*** Begin section ***

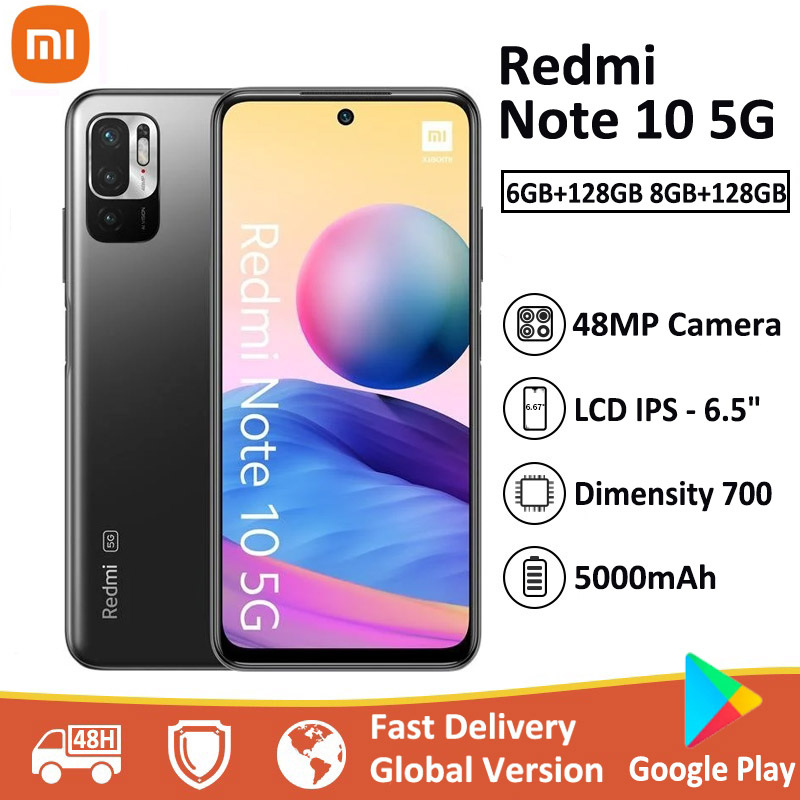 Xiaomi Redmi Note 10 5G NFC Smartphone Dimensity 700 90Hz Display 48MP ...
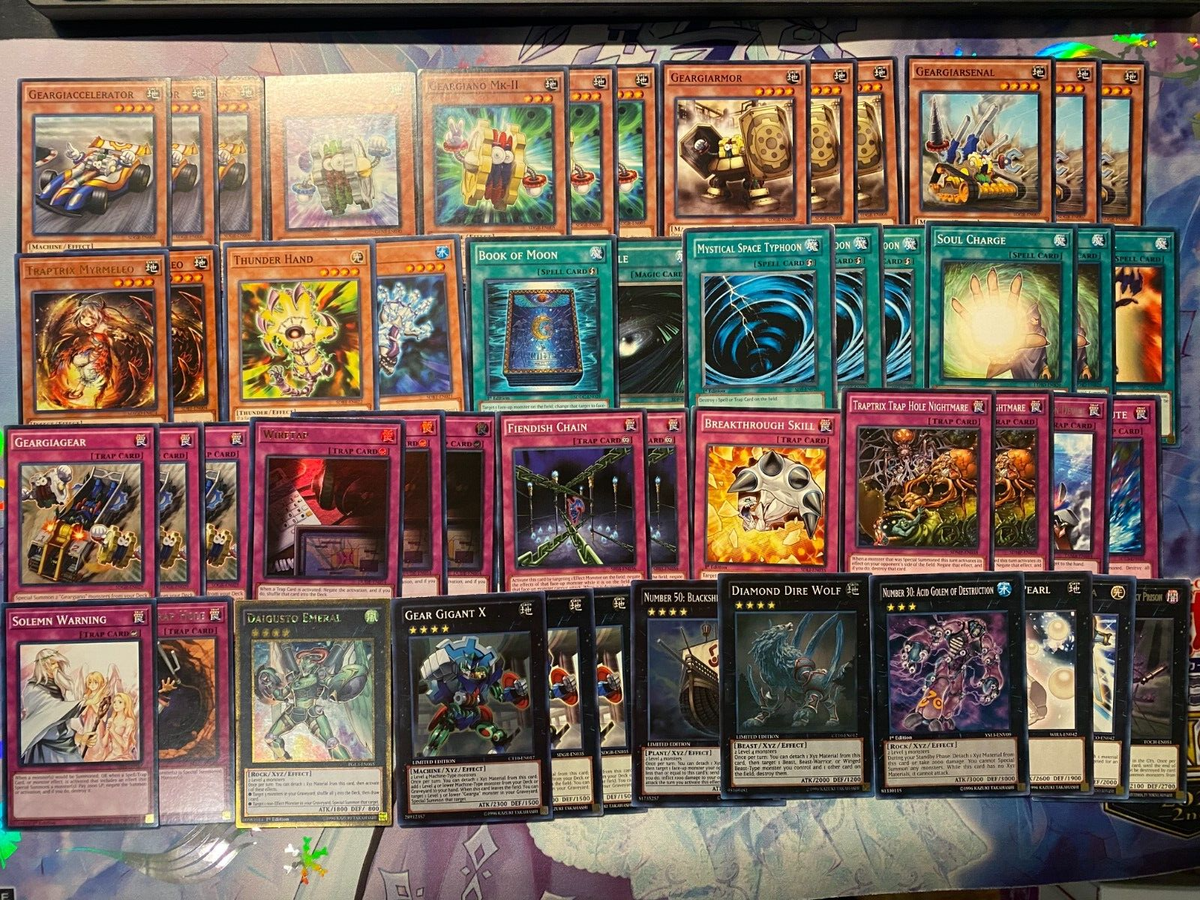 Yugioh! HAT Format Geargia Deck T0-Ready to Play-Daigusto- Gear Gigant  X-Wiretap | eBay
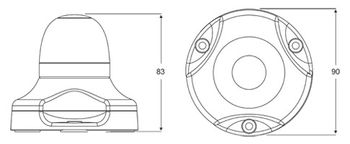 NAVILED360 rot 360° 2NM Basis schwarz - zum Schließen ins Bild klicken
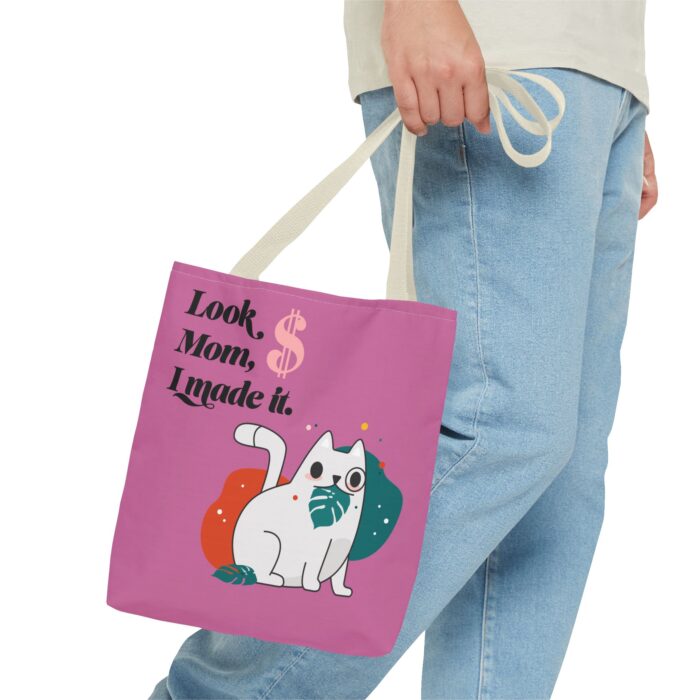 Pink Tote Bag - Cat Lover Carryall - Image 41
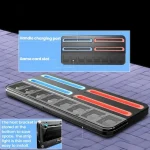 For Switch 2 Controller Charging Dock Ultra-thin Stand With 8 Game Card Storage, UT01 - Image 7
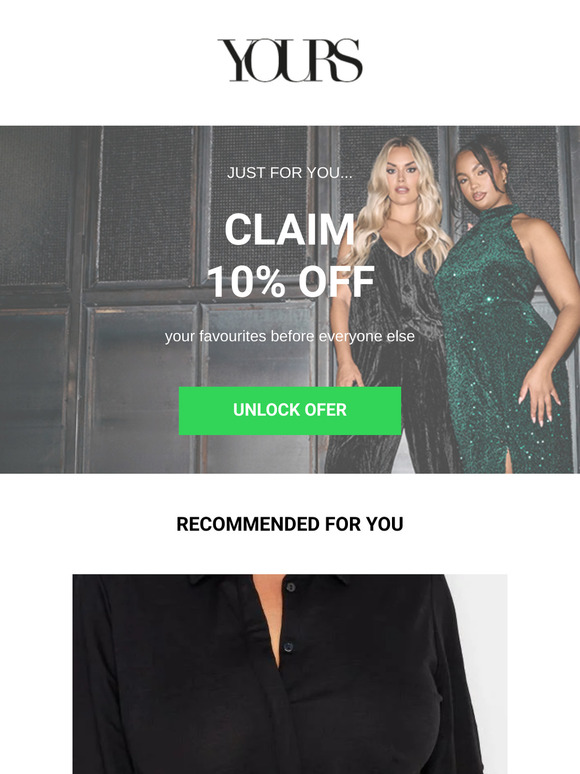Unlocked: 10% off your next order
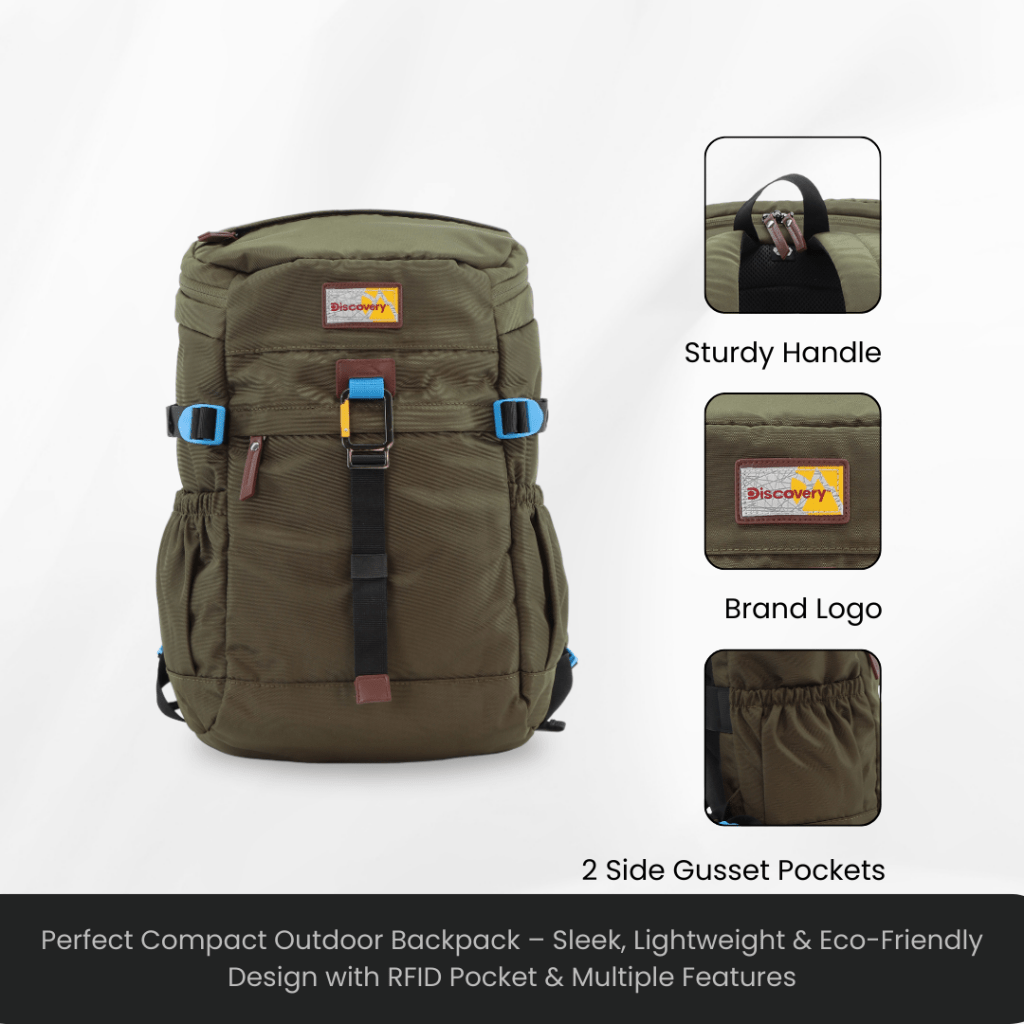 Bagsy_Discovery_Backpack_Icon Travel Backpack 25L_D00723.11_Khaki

*** End section ***

Starting at the line that contains "Yugioh! HAT Format" and ending at the line that contains "Unlocked: 10% off your next order", transcribe the material above exactly, excluding pictures.

 Yugioh! HAT Format Geargia Deck T0-Ready to Play-Daigusto- Gear Gigant  X-Wiretap | eBay
 NAVILED360 rot 360° 2NM Basis schwarz - zum Schließen ins Bild klicken
 Pink Tote Bag - Cat Lover Carryall - Image 41
 For Switch 2 Controller Charging Dock Ultra-thin Stand With 8 Game Card Storage, UT01 - Image 7
Unlocked: 10% off your next order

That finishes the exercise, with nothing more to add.